TASK GOAL: All lines from the one containing "554 Pisgah Forest Drive — Pisgah Forest" to the end of the entries below should be output exactly as they appear. No other lines should be output.

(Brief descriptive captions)
**********
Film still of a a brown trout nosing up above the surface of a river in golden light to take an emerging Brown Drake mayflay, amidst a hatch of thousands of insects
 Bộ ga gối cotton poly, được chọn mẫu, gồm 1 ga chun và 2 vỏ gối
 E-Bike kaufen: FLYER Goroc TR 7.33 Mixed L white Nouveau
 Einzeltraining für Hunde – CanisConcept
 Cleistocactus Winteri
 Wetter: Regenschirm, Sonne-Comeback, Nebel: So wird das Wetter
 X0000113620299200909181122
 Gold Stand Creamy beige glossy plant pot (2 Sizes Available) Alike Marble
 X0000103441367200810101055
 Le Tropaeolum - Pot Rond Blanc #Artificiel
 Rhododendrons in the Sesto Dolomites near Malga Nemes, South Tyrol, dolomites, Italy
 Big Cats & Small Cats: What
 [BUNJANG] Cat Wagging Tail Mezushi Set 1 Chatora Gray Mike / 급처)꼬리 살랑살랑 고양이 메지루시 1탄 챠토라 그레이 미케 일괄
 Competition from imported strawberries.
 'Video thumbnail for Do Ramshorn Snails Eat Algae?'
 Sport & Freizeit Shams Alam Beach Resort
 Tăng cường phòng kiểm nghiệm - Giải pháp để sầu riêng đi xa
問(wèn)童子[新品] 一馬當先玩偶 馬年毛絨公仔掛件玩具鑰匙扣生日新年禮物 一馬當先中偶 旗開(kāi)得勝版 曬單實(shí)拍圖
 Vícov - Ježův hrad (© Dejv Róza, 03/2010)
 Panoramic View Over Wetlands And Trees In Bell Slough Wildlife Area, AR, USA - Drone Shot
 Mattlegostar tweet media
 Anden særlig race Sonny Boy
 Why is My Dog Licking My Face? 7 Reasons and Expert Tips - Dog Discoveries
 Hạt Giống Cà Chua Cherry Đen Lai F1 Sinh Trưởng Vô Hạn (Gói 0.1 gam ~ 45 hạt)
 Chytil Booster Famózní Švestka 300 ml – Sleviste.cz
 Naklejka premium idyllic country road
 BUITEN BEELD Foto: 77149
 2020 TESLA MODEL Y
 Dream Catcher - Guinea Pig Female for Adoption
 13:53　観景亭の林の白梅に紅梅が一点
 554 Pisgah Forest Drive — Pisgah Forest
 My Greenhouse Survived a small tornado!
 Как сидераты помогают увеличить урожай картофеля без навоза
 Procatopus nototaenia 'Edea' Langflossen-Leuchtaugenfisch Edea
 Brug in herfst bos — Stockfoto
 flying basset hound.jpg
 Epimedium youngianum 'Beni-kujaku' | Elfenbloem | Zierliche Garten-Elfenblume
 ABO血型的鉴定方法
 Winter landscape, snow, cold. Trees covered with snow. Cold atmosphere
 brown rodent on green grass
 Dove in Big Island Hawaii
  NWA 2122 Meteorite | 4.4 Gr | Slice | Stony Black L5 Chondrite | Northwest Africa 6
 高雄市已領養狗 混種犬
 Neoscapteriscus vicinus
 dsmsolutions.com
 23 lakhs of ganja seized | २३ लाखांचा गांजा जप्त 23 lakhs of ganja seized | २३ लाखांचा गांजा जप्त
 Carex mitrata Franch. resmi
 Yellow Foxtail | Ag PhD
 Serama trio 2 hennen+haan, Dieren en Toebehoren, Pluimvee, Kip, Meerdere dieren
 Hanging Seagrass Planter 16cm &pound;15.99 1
**********
RESPONSE BELOW:
 554 Pisgah Forest Drive — Pisgah Forest
 My Greenhouse Survived a small tornado!
 Как сидераты помогают увеличить урожай картофеля без навоза
 Procatopus nototaenia 'Edea' Langflossen-Leuchtaugenfisch Edea
 Brug in herfst bos — Stockfoto
 flying basset hound.jpg
 Epimedium youngianum 'Beni-kujaku' | Elfenbloem | Zierliche Garten-Elfenblume
 ABO血型的鉴定方法
 Winter landscape, snow, cold. Trees covered with snow. Cold atmosphere
 brown rodent on green grass
 Dove in Big Island Hawaii
  NWA 2122 Meteorite | 4.4 Gr | Slice | Stony Black L5 Chondrite | Northwest Africa 6
 高雄市已領養狗 混種犬
 Neoscapteriscus vicinus
 dsmsolutions.com
 23 lakhs of ganja seized | २३ लाखांचा गांजा जप्त 23 lakhs of ganja seized | २३ लाखांचा गांजा जप्त
 Carex mitrata Franch. resmi
 Yellow Foxtail | Ag PhD
 Serama trio 2 hennen+haan, Dieren en Toebehoren, Pluimvee, Kip, Meerdere dieren
 Hanging Seagrass Planter 16cm &pound;15.99 1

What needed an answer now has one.